ACTION ITEM: Images are not part of the copy; write out the rest of the data exactly as given.

SOURCE DATA:
§ §

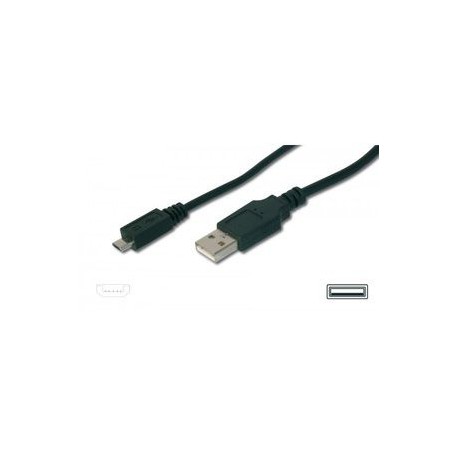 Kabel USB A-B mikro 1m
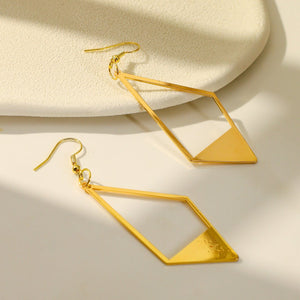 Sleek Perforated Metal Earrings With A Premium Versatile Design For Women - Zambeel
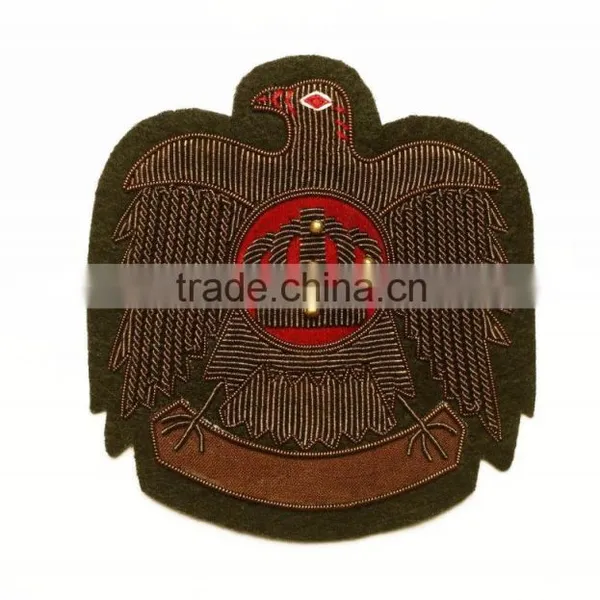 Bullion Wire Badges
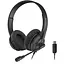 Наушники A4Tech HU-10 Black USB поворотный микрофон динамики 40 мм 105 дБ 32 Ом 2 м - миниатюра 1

§ §

FINISHED EXERCISE:
 Kabel USB A-B mikro 1m
 Sleek Perforated Metal Earrings With A Premium Versatile Design For Women - Zambeel
 Bullion Wire Badges
 Наушники A4Tech HU-10 Black USB поворотный микрофон динамики 40 мм 105 дБ 32 Ом 2 м - миниатюра 1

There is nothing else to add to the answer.